Halaman Author
Kontrol semua karyamu pada halaman author, kamu bisa memublikasikan karya baru atau mengatur karyamu dengan mudah dalam satu tempat.
Cerpen
Sejarah
Secuil Cinta di Kalangbret
1
Suka
35
Dibaca
Cerpen ini masih diperiksa oleh kurator

Secuil Cinta di Kalangbret

Disclaimer: Cerita ini hanya fiksi hasil imajinasi yang terinspirasi dari tokoh sejarah, termasuk nama dan tempat/lokasi. Tidak dimaksudkan untuk mempresentasikan kejadian nyata ataupun menyinggung pihak-pihak tertentu.

***

“Kenapa, Wulan?”

“Karena aku tidak akan mampu untuk menjadi pramesywari.”

***

“Wulan, ada seorang pemuda yang ingin menemuimu. Dia menunggu di atas.”
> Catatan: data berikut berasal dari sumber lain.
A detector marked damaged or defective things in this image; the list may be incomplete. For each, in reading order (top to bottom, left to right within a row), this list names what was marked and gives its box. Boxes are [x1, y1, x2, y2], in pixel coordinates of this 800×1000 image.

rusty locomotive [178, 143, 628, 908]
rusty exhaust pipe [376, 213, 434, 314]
Aku yang asyik memeras baju terhenti. Siapa? Seorang pemuda?

Semilir angin di pagi yang cerah sungguh membuai, cuaca yang cocok untuk mencuci baju. Teman-temanku asyik bermain air, saling menciprati. Aku buru-buru membetulkan kain jarik, merapikan diri.
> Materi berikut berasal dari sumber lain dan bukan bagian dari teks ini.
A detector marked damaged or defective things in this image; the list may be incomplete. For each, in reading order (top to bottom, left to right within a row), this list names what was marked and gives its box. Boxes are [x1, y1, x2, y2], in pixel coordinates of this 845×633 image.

“Wisya, tolong jaga cucianku ya?” aku melempar kerikil pada salah satu temanku.

“Kau mau kemana, Wulan?”

“Ke atas sebentar.” Tanganku menggapai akar pohon, menjejak tanah yang curam dengan hati-hati.

“Wulan ...”

Aku yang baru saja berhasil menginjak tanah datar di atas sungai seketika terpaku. Suara itu ... suara yang amat kukenali.

“Lama tidak bertemu ...”

Suaranya bagai panah, menembus hingga ke ulu hati. Pemuda di depanku mengenakan caping yang menutupi sebagian wajahnya. Namun, dari postur tubuhnya, cara berdirinya, aku sangat mengenali itu.

“Arya ...” Aku tercekat, “... kenapa ... kau menemuiku?”

Ia membuka caping, menatapku dengan sepasang mata yang selalu berhasil menghangatkanku. Air mataku seketika menetes. Wajah itu ....

“Aku merindukanmu, Wulan ....” Ia maju, jemarinya terangkat.

Dadaku berdenyut, tetapi aku memilih untuk melangkah mundur.

Tanganku cepat-cepat mengusap pipiku yang basah. “Bukankah dunia kita sudah berbeda sekarang? Aku kira menjadi Akuwu telah berhasil membuatmu lupa padaku, sudah berbulan-bulan sejak kita terakhir bertemu.”

“Justru bukankah dirimu sendiri yang menghindariku, Wulan? Kau sengaja tidak tinggal di rumah ayahmu? Memaksa semua orang untuk bungkam tentang keberadaanmu? Berusaha pergi tanpa jejak agar aku tak bisa menelusurimu?”

Aku tersentak, mengingat momen terakhir kali aku dan Arya bertemu, saat itu ia pamit untuk perang melawan prajurit Jenggala. Aku memang menghindarinya sejak dirinya diangkat dari Senopati menjadi Akuwu. Memohon pada Ayah dan Ibu untuk mengizinkanku tinggal di rumah Embah.

“Sekarang kita sudah bertemu. Ada yang ingin kau sampaikan?” Aku menoleh, menatap pohon-pohon bambu yang bergoyang.

Arya mendekat sekali lagi, menurunkan sedikit bahunya. “Menikahlah ... denganku, Wulan.”

Aku menggigit bibir kuat-kuat, “Seperti yang pernah kubilang. Aku ... tak bisa.”

Riuh-rendah suara teman-temanku yang sedang mencuci dan bermain air menggema di udara. Dedaunan kering tersapu angin bersama debu-debu. Lihatlah, Arya rela jauh-jauh dari Tumapel, mengenakan pakaian seadanya untuk menyamar, bahkan mungkin hanya berjalan kaki sampai ke sini.

“Tinggal di bilik, dengan dikelilingi dayang-dayang, menjadi pusat perhatian orang-orang di Pakuwuan ...” Aku menghela napas, “ Aku ... aku tidak bisa menjadi bagian dari itu. Itu bukan impianku. Aku ingin hidup bebas, menjadi kawula.”

Arya terdiam, meremas tangan, ia tahu. Dirinya mengerti kalau tanggung jawabnya terlalu besar untuk melanggengkan cinta ini. Aku ... dengan seluruh kebebasan yang kupunya, dan akan terus kupertahankan. Aku lebih suka membaca lembaran lontar dengan tenang daripada menunggu harap-harap cemas suamiku pulang dari medan perang, atau merasa was-was setiap menatap keputren dan bertanya-tanya siapa yang akan dijadikan selir, atau bahkan khawatir tentang perebutan tahta di antara anak-anakku nanti.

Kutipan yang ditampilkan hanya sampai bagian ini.